How close is too close before you meet someone IRL?
August 8, 2008 8:35 PM   Subscribe

Online dating issues. How close is too close *before* you meet someone in real life?

So there's this guy, right. We met online, and we're definitely hitting it off on IM and on the phone. We intend to meet in person once he moves significantly closer to me, which he has been planning to do all along (before he met me). As soon as he locks down a job and a place to live he'll be moving, and to the best of our knowledge this will be by the end of the month, two tops. Until then, we're stuck with great IM and phone chemistry, and pictures of each other we drool over, and little else.

My fear is not that he's going to end up never moving - he just finished college and has been planning on doing so since he graduated. I certainly feel close enough to him already to trust him on this matter. Moreover, I worry about pouring so much of my time and energy into someone I still haven't met, even though we've been consistently hitting it off and I have yet to see or hear a single red flag. We talk online or on the phone usually for at least an hour or two every day and have been doing so for about a month now. We're both quite confident that even if we don't have physical chemistry, we'll still be friends. Yet I still worry, and more than he does.

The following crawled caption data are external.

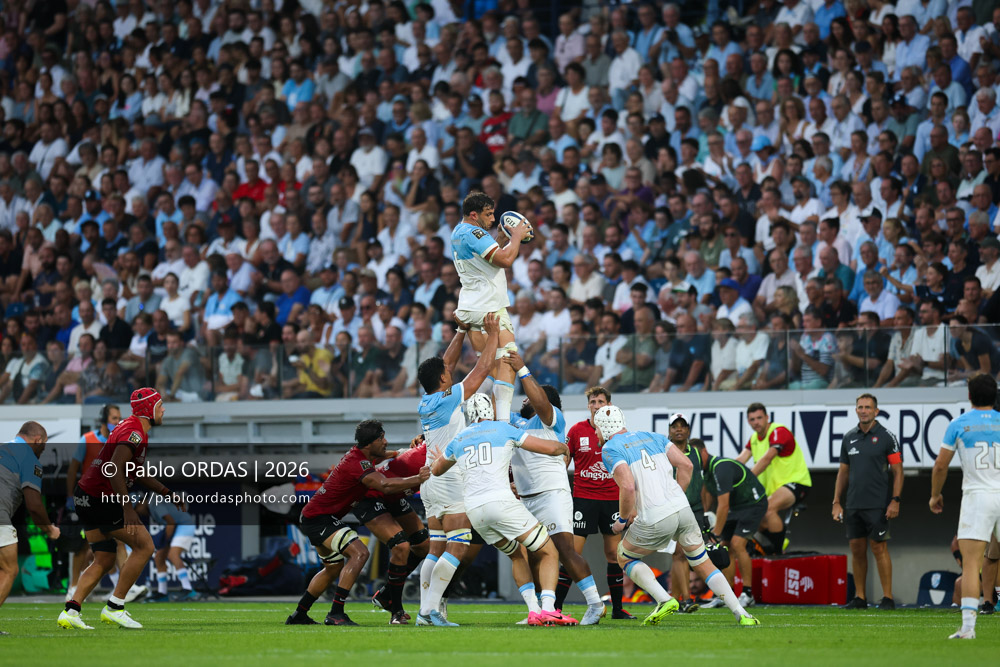 Alexandre Fischer, lors du match de Top 14 entre l'Aviron bayonnais et Toulon, le 5 septembre 2026 au stade Jean Dauger de Bayonne, France (Photo Pablo ORDAS)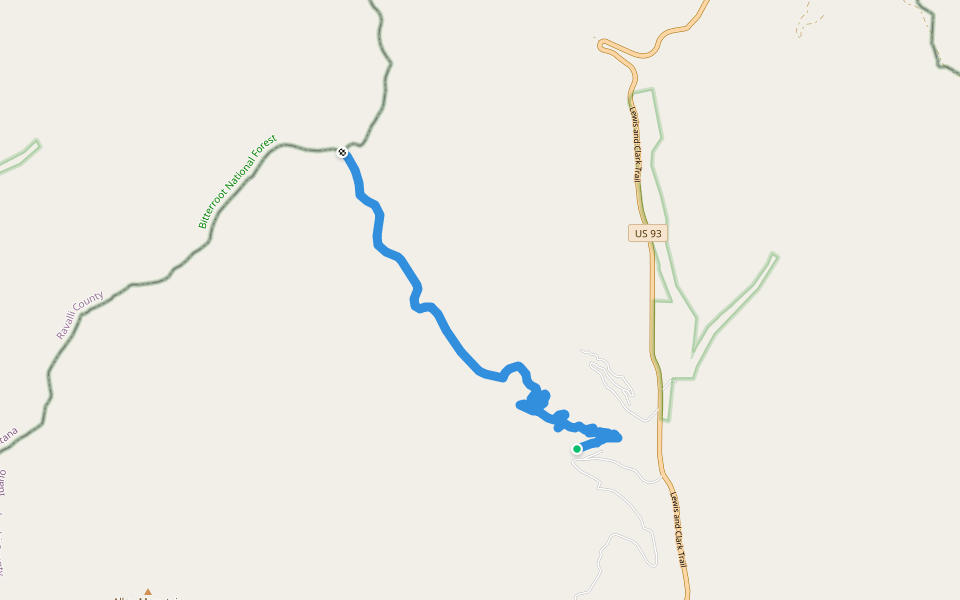 Twin Creek Ridge Trail walking route map in Gibbonsville
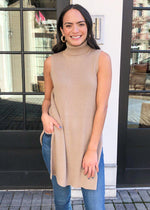 Velvet Heart Pearlie Sleeveless Side Slit Turtleneck Sweater-Hand In Pocket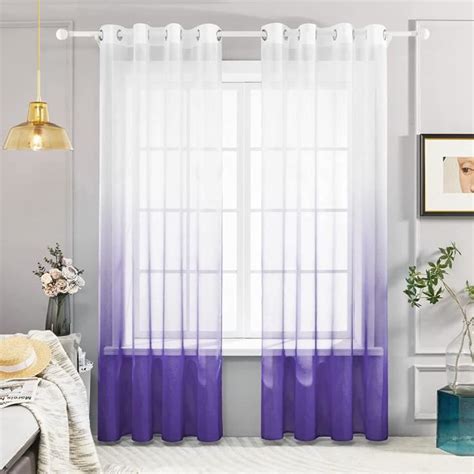 Deconovo Lot de 2 Rideaux Voilages Violet 140 x 270 CM Dégradé de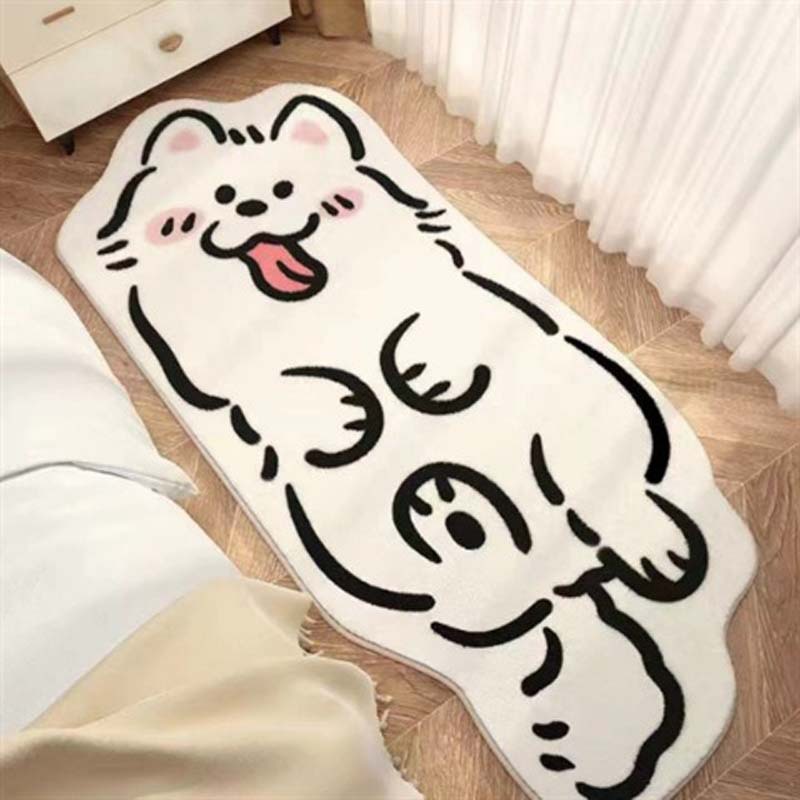 Cute Cat Faux Cashmere Bedside Carpet Cartoon Soft Anti-Slip Foot Rug for Bedroom Water Absorbing Wear-Resistant Home Floor Mat: 50x160cm / Clear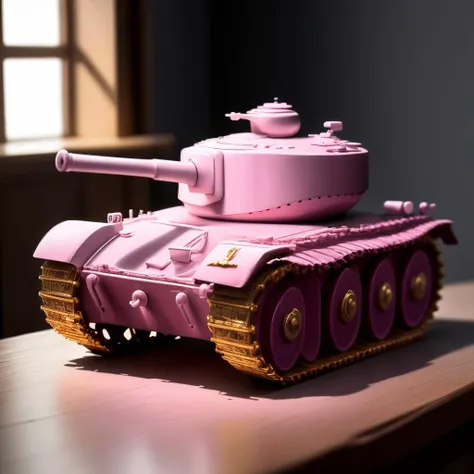 a (pcporcelaincd, shiny:1.2, pink theme:1.3, gold lacquer) tank, toy model, (solo:1.2), <lora:pcporcelaincd-000006:0.9>, no humans, high quality, masterpiece, realistic, photorealistic, (indoors, on table:1.2)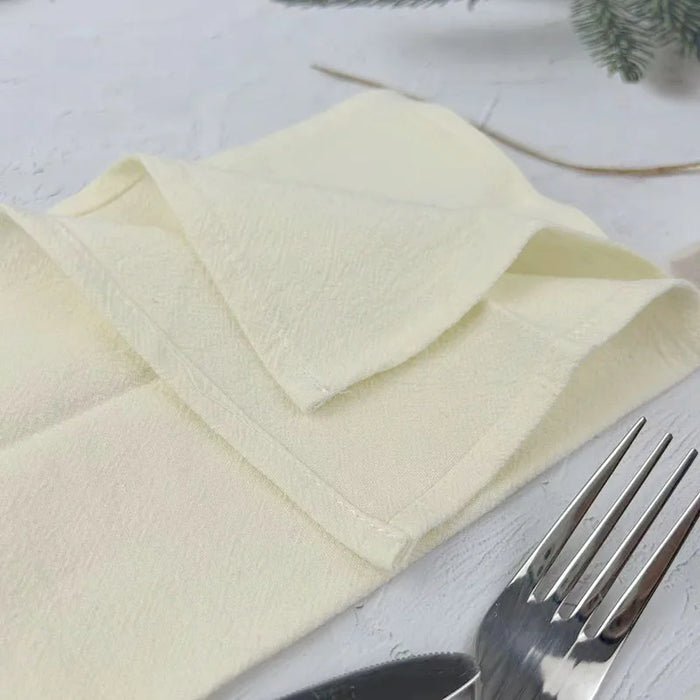 8Pcs Cotton Napkins 40X40CM Plain Washed Cotton Towel Dining Place Mats Wedding Party Restaurant Kitchen Cloths Table Decor
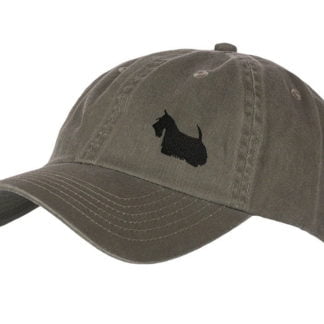 Scottie Dog Scottish Terrier Owner Clothing Gifts. 100% Chino Cotton Embroidered 6 Panel Unstructured Baseball Cap From The House Of Dog.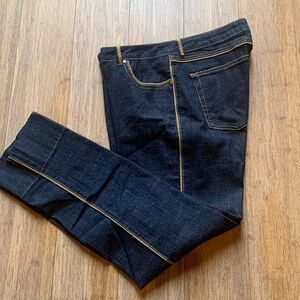 VOTRE NOM jeans with soft tan detail, size 42.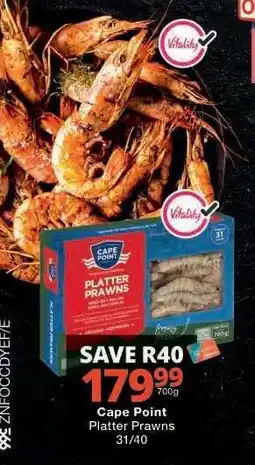Checkers Cape Point Platter Prawns 31/40 offer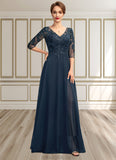 Hilda A-Line V-neck Floor-Length Chiffon Lace Mother of the Bride Dress With Sequins Split Front STK126P0015014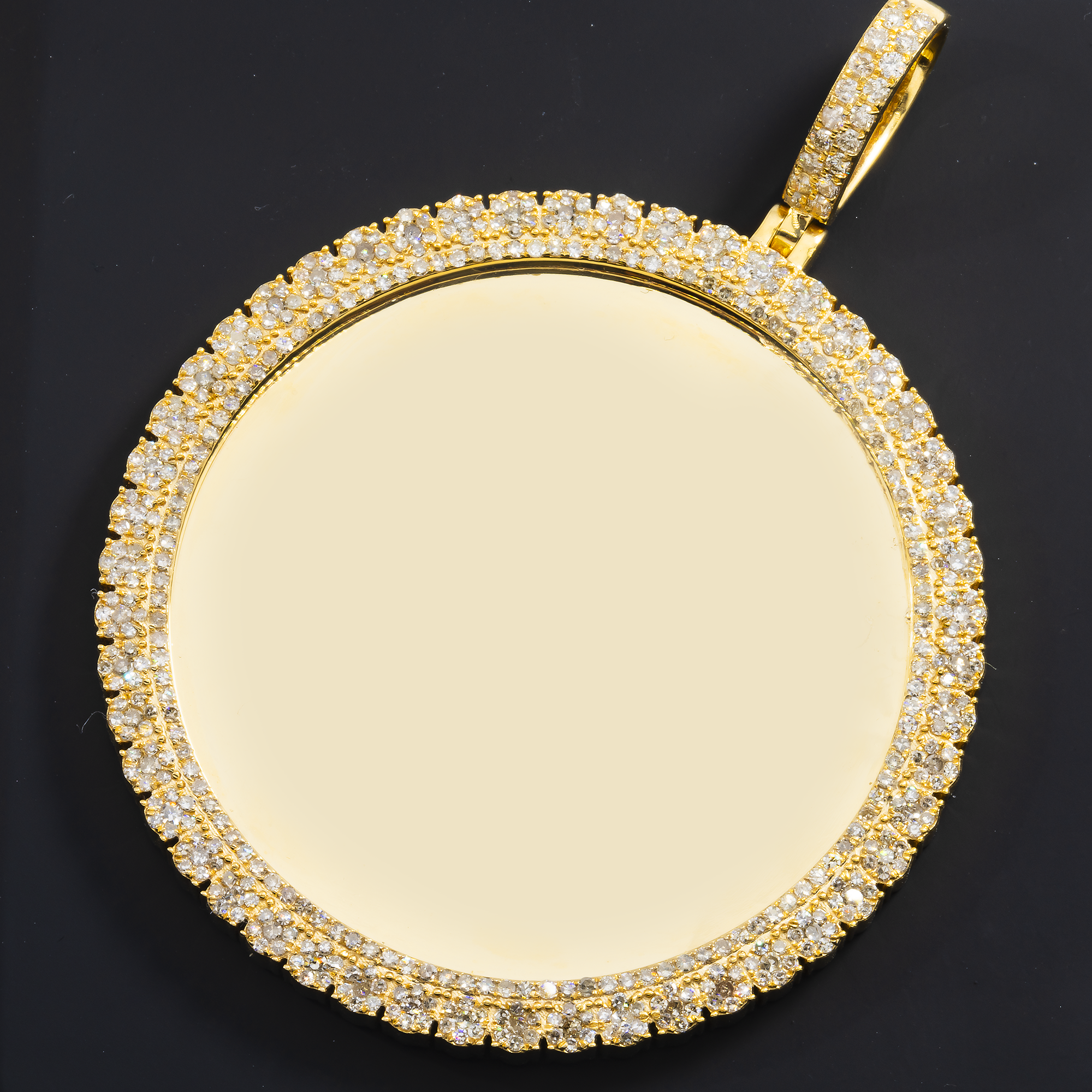 14K GOLD DIAMOND CIRCLE PICTURE PENDANT 3.11 CT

Are my fears of possible rejection or time-wasting justified, or do I need to just unclench and enjoy the amazing connection we're already having?

Is our closeness unhealthy?

Any insight would be appreciated. If you have any questions, feel free to ask and I'll respond via MeFi mail if you'd like. I'm posting anonymously in the hopes he won't see this. Gulp.
posted by anonymous to Human Relations (17 answers total) 7 users marked this as a favorite
How long exactly had he planned to move? If he's been planning it for a very long time and still hasn't moved, then something doesn't seem right.

How big a distance is currently between you two? If it's not too far, say a 3-hour drive, then why not meet somewhere halfway between you two's residences for coffee or lunch, and see if you two will really hit it off? If sparks are flying, and he does move closer, then that's great. If not, he totally isn't the man you dream about, etc., then be thankful that you won't be waiting around in the future for him to move just so you can meet him and get your hopes dashed.

If a preliminary meeting per above is impossible, then I would suggest lessening the chemistry, and save the best stuff for the actual physical connection.
posted by curagea at 8:54 PM on August 8, 2008

Are you still looking around to date someone else? The two of you have that weird quasi-relationship that sometimes happens with online dating (and has happened to me), but you aren't officially exclusive. Maybe just the knowledge that you *can* keep looking around will be reassuring.

However, I think that the energy you're pouring into this relationship is just as well-spent as the energy you could be devoting to any other relationship. No relationship comes with a guarantee that it'll work, and at least with this relationship you have that amazing chemistry to enjoy.
posted by christinetheslp at 8:55 PM on August 8, 2008 [1 favorite]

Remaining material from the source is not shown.